2021 Rating and rank adjustments

What do you think we have been doing???

You really don’t need to read the whole thread. But you should to try to understand ranking systems in general, before making the types of claims you have been making. Read up on elo, the dan system (you don’t even need to read about Glicko specifically). Figure out how you would anchor a system like either of those. Then ask yourself if any of the things you are asking make sense.

In this case, you are asking us to tie 9x9 to the AGA and EGF systems, both of which have very few ranked 9x9 games to go off of. Then you ask to tie it to what 9x9 players think they are.

But what is this exactly?

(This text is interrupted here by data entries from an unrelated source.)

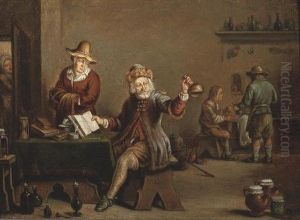 A Quack At Work In An Inn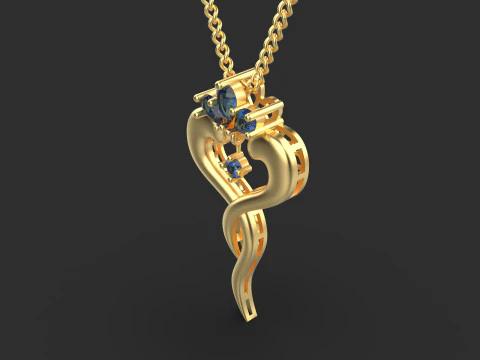 Eternal Love Pendant-a100-95 3D Print Model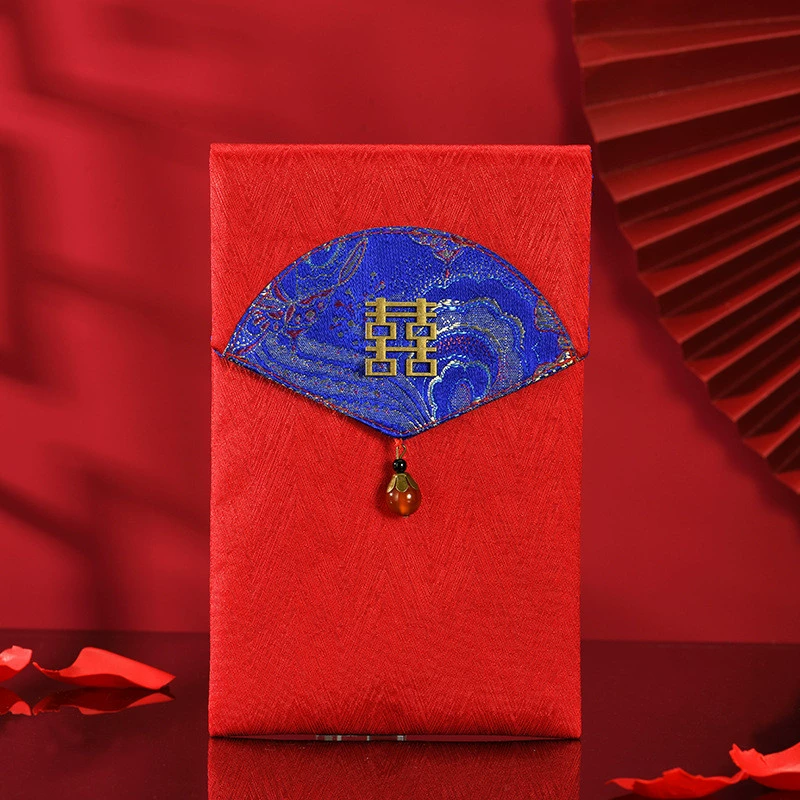 Wedding red envelope wedding new Chinese retro creative personality red envelope red envelopes red envelope bag is a sealing 10,000 yuan to wholesale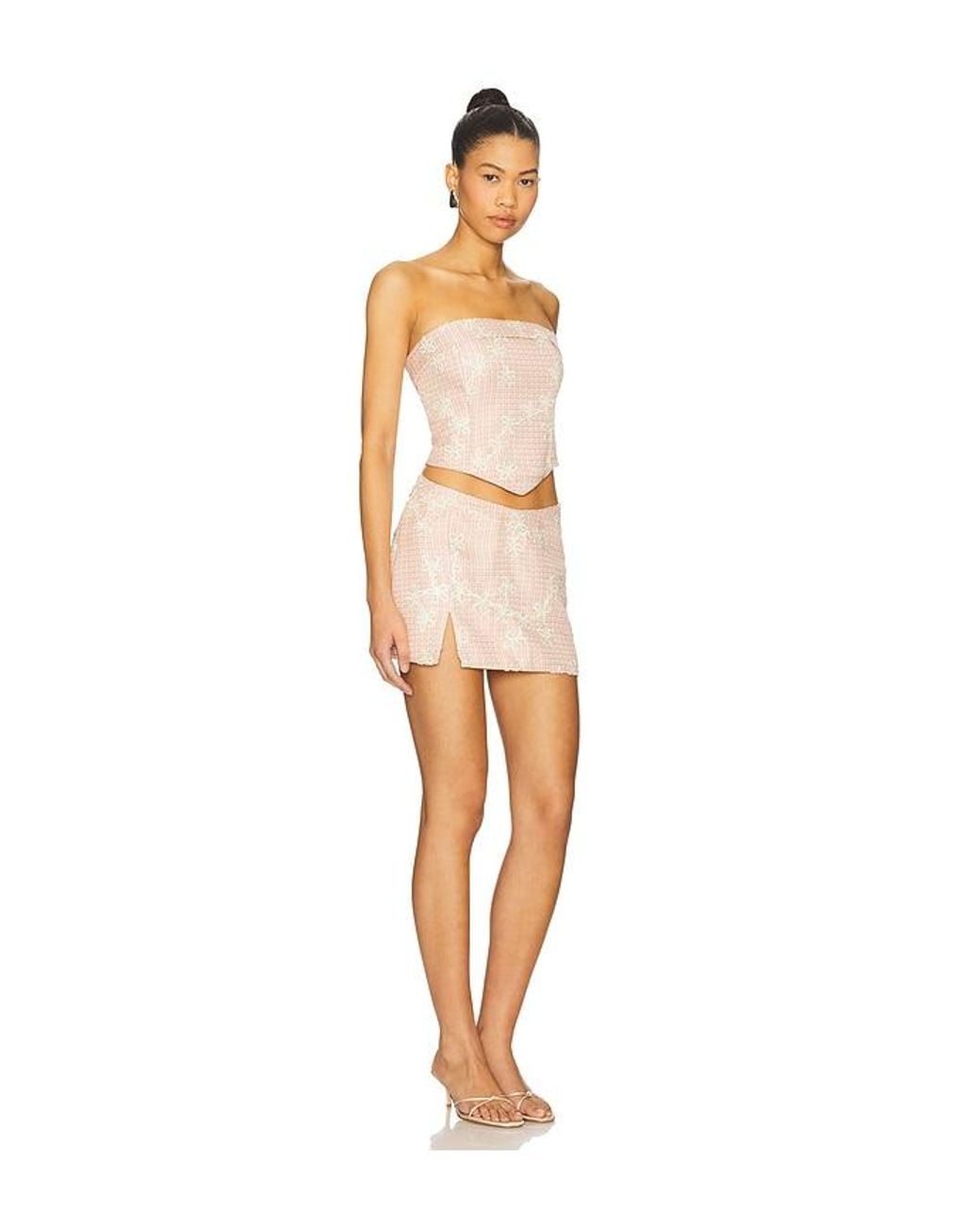 MORE TO COME Pink Doer Skirt Set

What they think they are on the 19x19? Or on the 9x9? If someone is only plays 9x9 while on OGS, can we assume they are worse at 19x19?

And for the love of God, we have this!!!

5 Likes

I believe there exists some players that inherently play randomly enough (even when completely sober) such that their natural performance could be described as having a random number of beers as drawn by a die roll.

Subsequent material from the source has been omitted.